Task description>
Leave out the pictures and copy the remaining records exactly.

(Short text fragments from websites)
::::::::

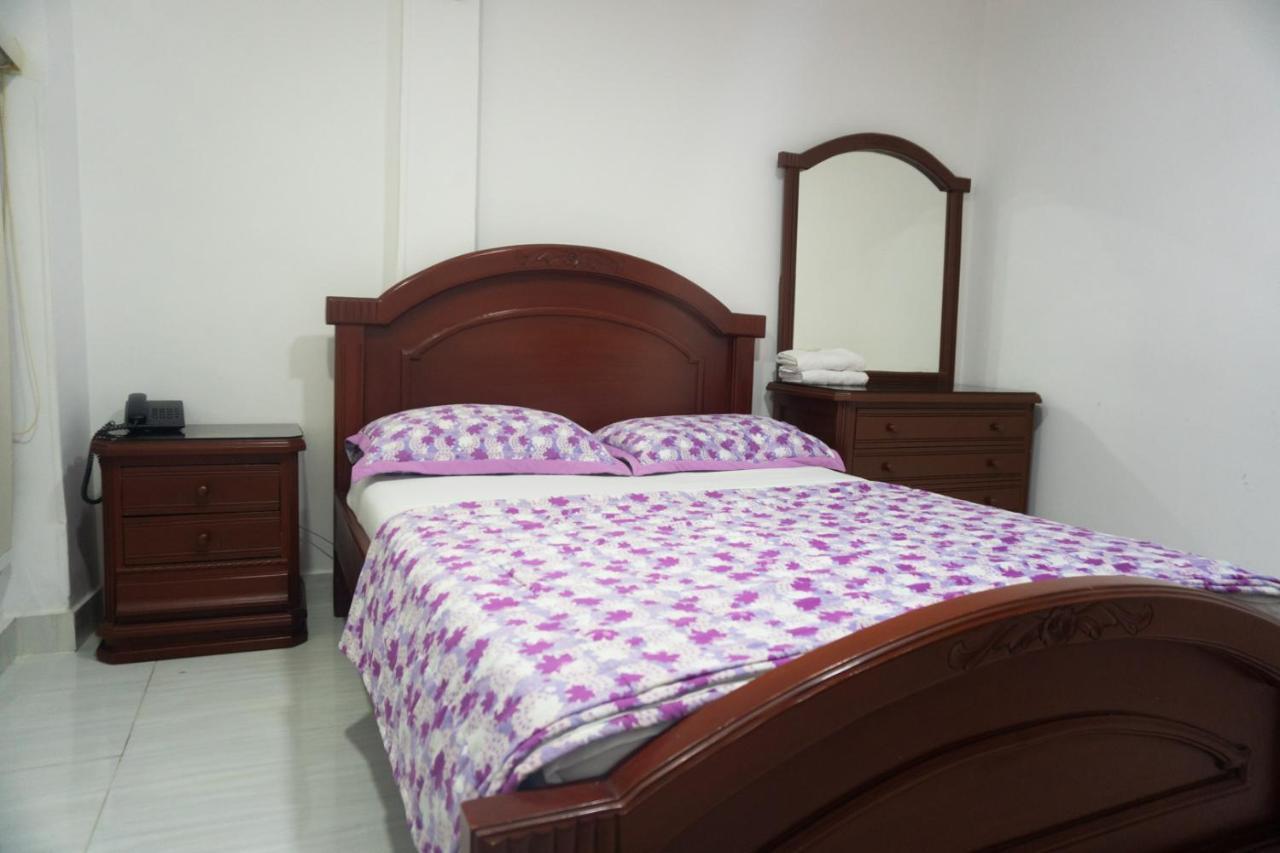 Hotel Exelsior Cúcuta Екстериор снимка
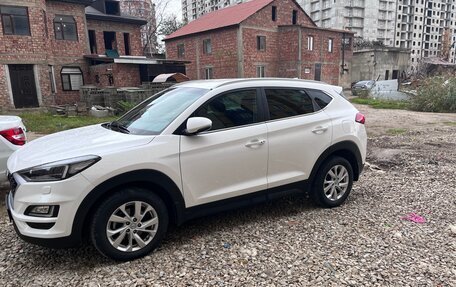 Hyundai Tucson III, 2018 год, 2 500 000 рублей, 2 фотография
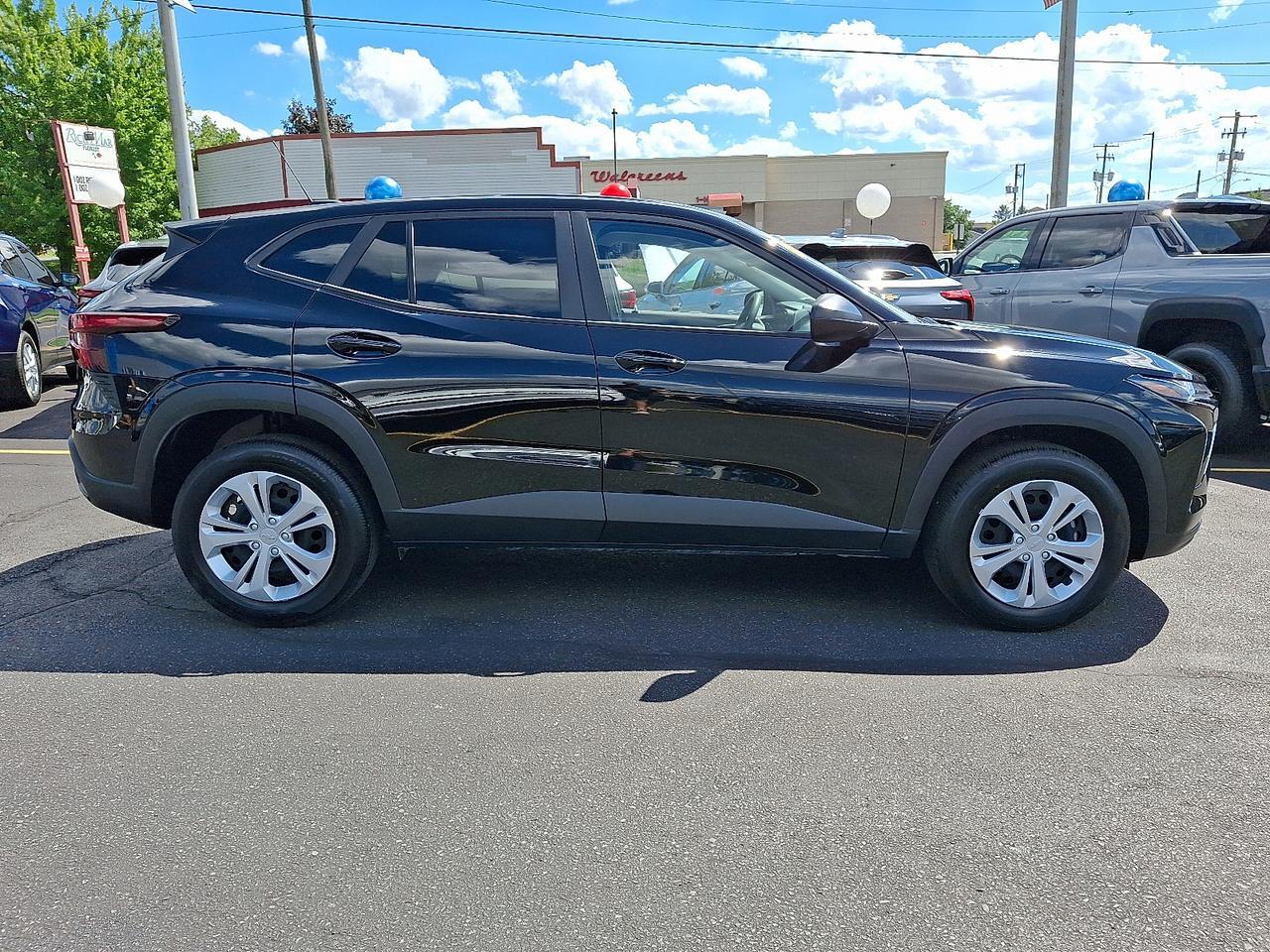 2025 Chevrolet Trax FWD LS Allentown PA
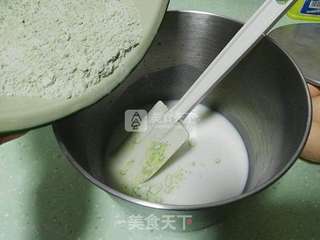 东菱电子烤箱之青汁木糖醇蛋糕的做法步骤:3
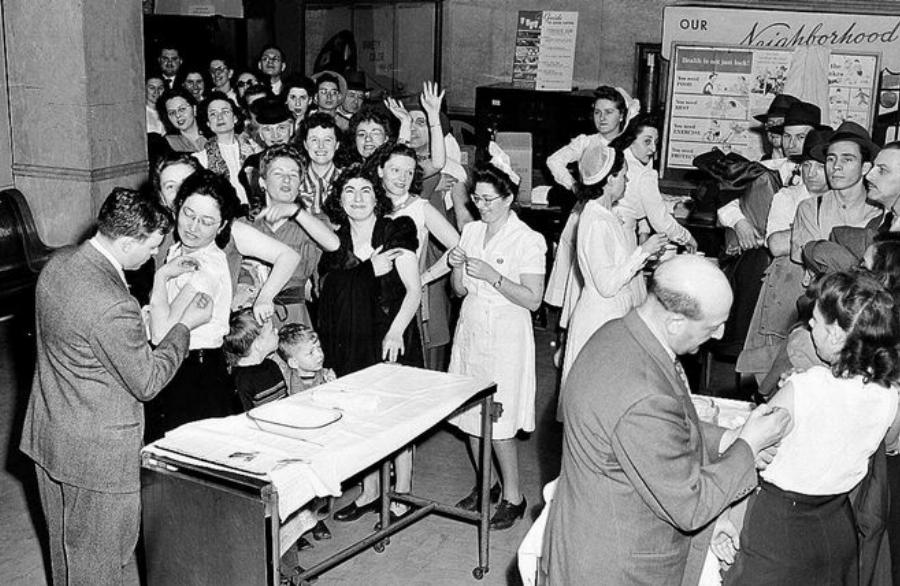 Η φωτογραφία που πρέπει να δουν όλοι οι αντιεμβολιαστές – Η ήττα μιας πανδημίας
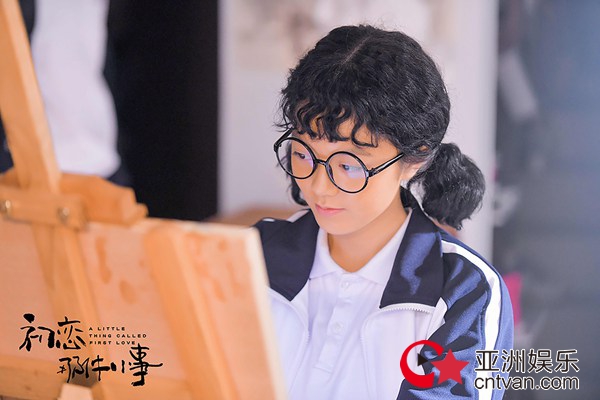 《初恋那件小事》首曝校园版海报 赖冠霖赵今麦青春洋溢共述成长那些事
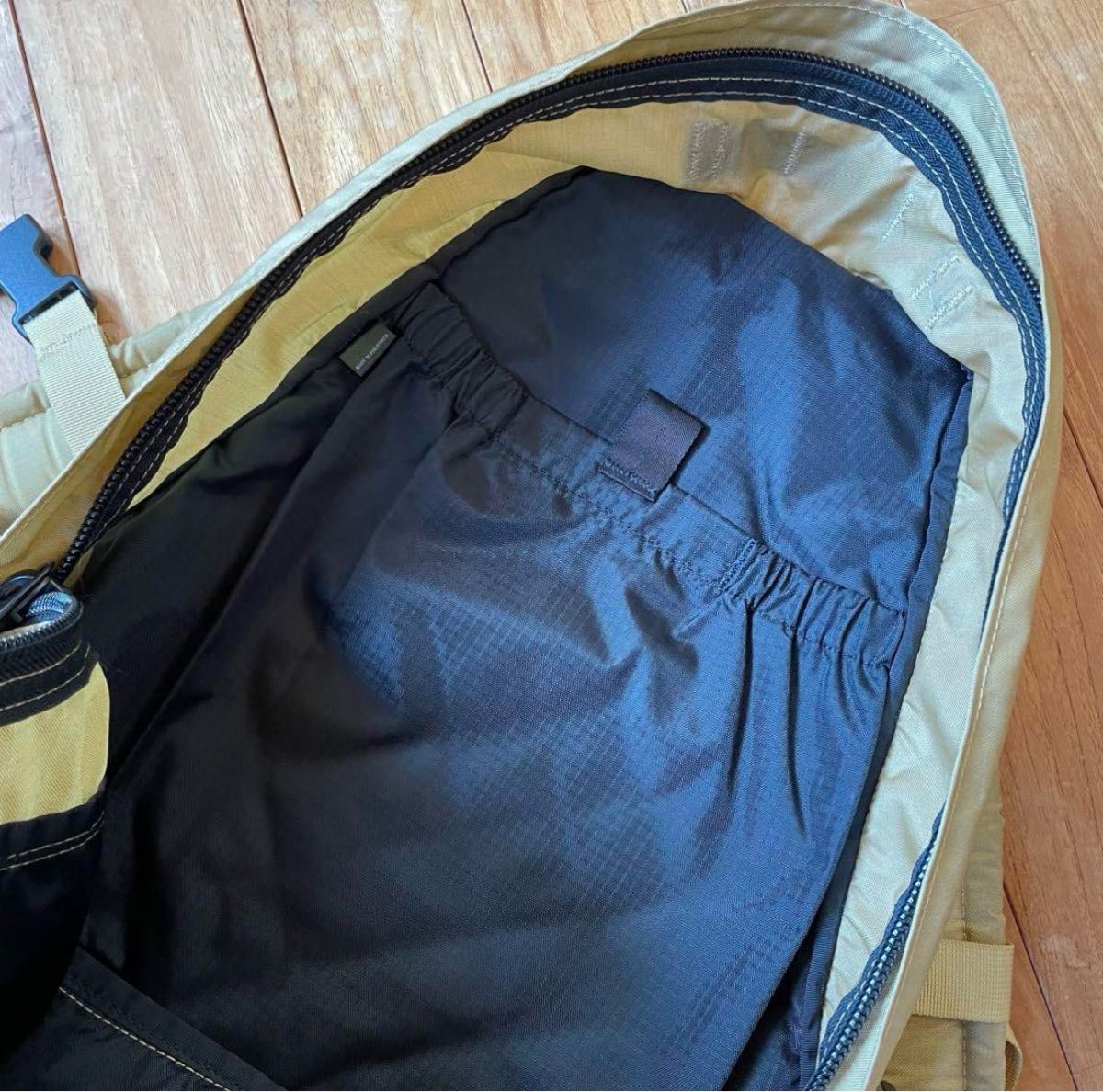 GREGORY×BEAMS PLUS別注 1st DAYPACK ベージュ|Yahoo!フリマ GREGORY×BEAMS PLUS別注 1st DAYPACK ベージュ|Yahoo!フリマ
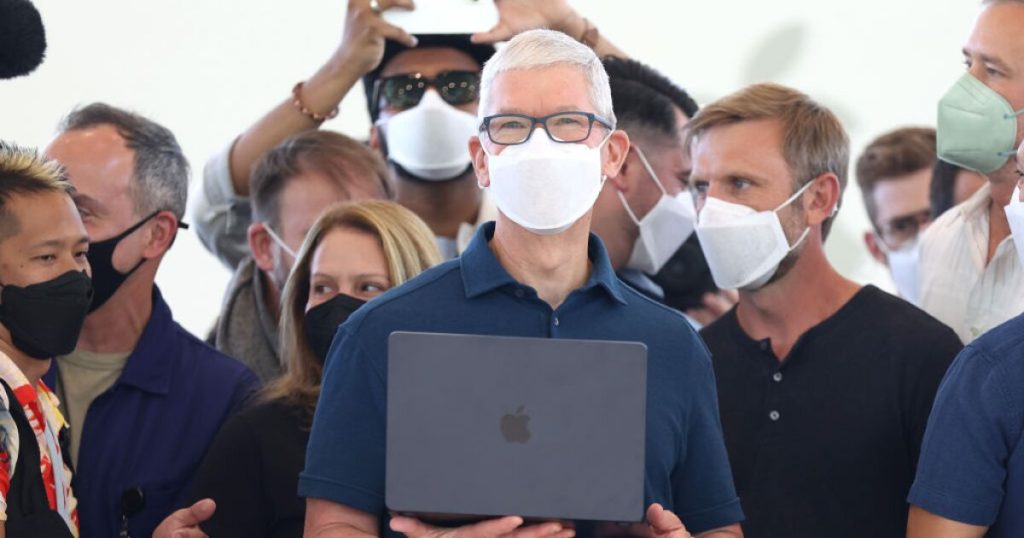 The day Tim Cook opened Apple Park and let's take selfies with him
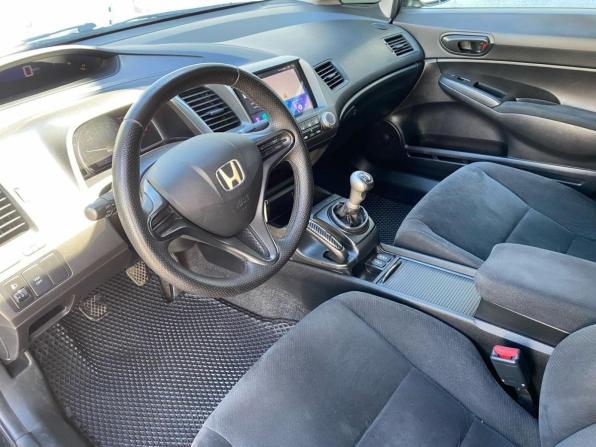 Honda Civic VIII Рестайлинг с пробегом 2010 года, цена 680 000 рублей, 205000 км, седан, Автокод Объявления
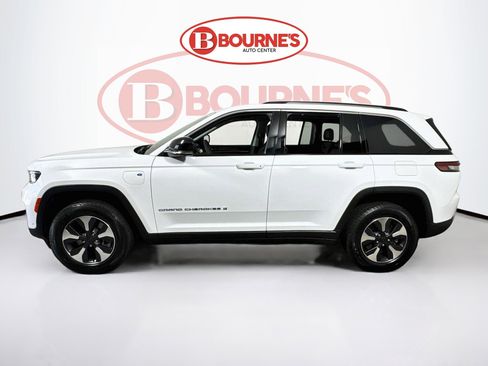 Used 2023 Jeep Grand Cherokee 4WD 4xe w/ Luxury Tech Group II image 9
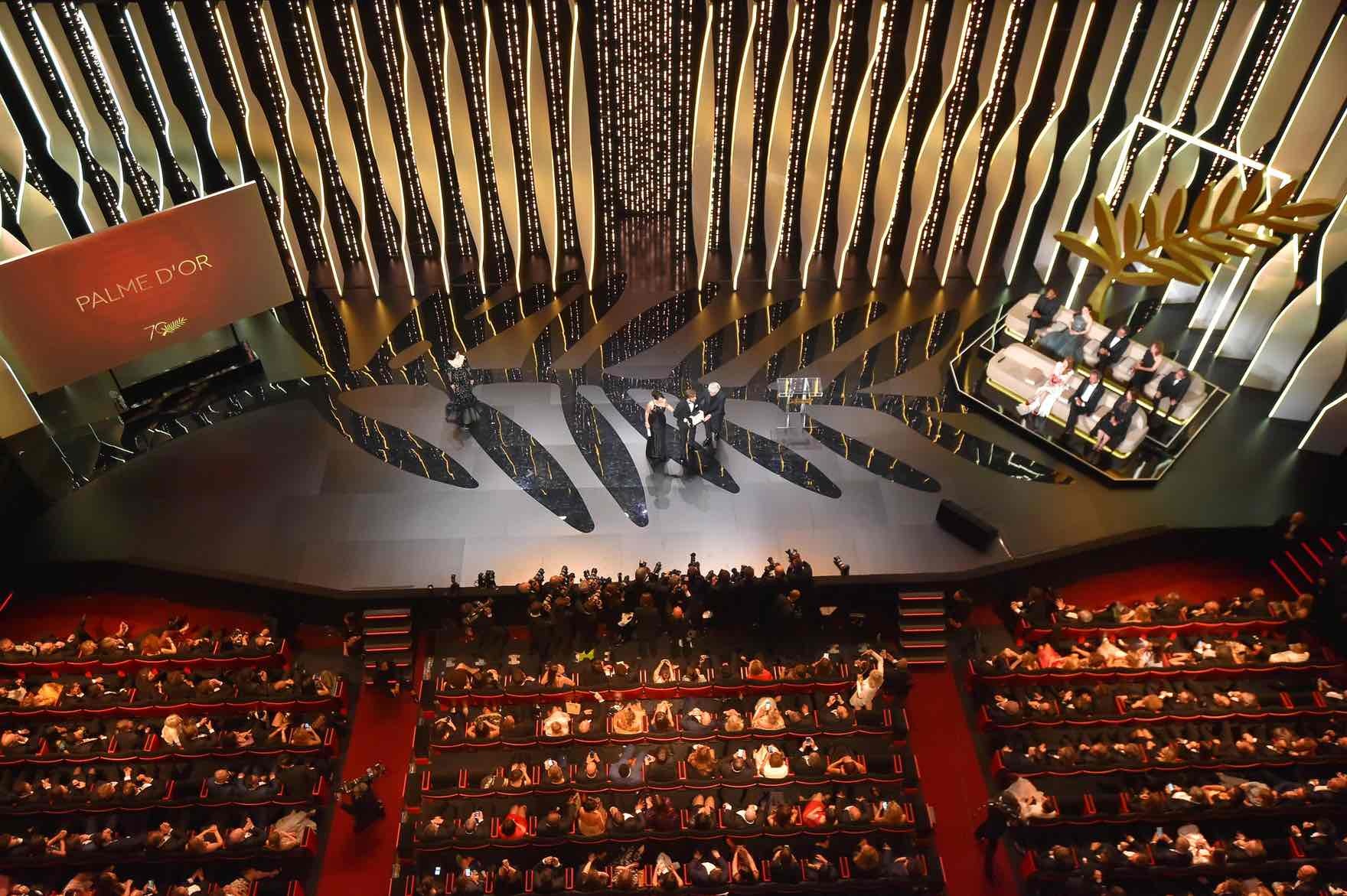 khoang khac dang nho be mac Cannes 2017 anh 1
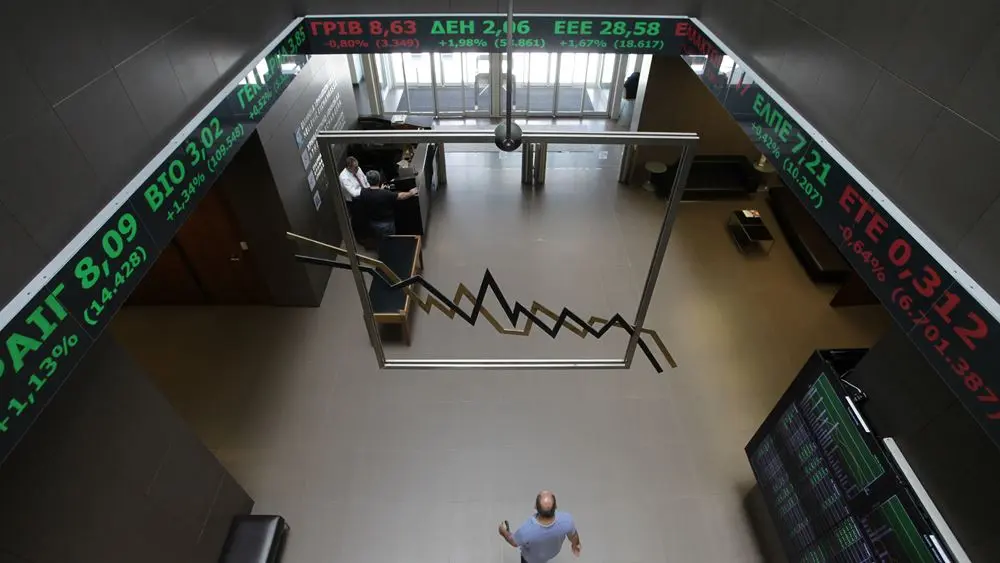 Καταγράφει πτώση το Χρηματιστήριο Αθηνών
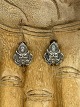 Par Buddha 
øreringe i 
sterling sølv 
fra Thailand 
(Siam), 
1930'erne. Den 
ene ørering er 
stemplet ...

::::::::

Expected answer>
 Hotel Exelsior Cúcuta Екстериор снимка
 Hyundai Tucson III, 2018 год, 2 500 000 рублей, 2 фотография
 2025 Chevrolet Trax FWD LS Allentown PA
 东菱电子烤箱之青汁木糖醇蛋糕的做法步骤:3
 Η φωτογραφία που πρέπει να δουν όλοι οι αντιεμβολιαστές – Η ήττα μιας πανδημίας
 《初恋那件小事》首曝校园版海报 赖冠霖赵今麦青春洋溢共述成长那些事
 GREGORY×BEAMS PLUS別注 1st DAYPACK ベージュ|Yahoo!フリマ GREGORY×BEAMS PLUS別注 1st DAYPACK ベージュ|Yahoo!フリマ
 The day Tim Cook opened Apple Park and let's take selfies with him
 Honda Civic VIII Рестайлинг с пробегом 2010 года, цена 680 000 рублей, 205000 км, седан, Автокод Объявления
 Used 2023 Jeep Grand Cherokee 4WD 4xe w/ Luxury Tech Group II image 9
 khoang khac dang nho be mac Cannes 2017 anh 1
 Καταγράφει πτώση το Χρηματιστήριο Αθηνών
 Par Buddha 
øreringe i 
sterling sølv 
fra Thailand 
(Siam), 
1930'erne. Den 
ene ørering er 
stemplet ...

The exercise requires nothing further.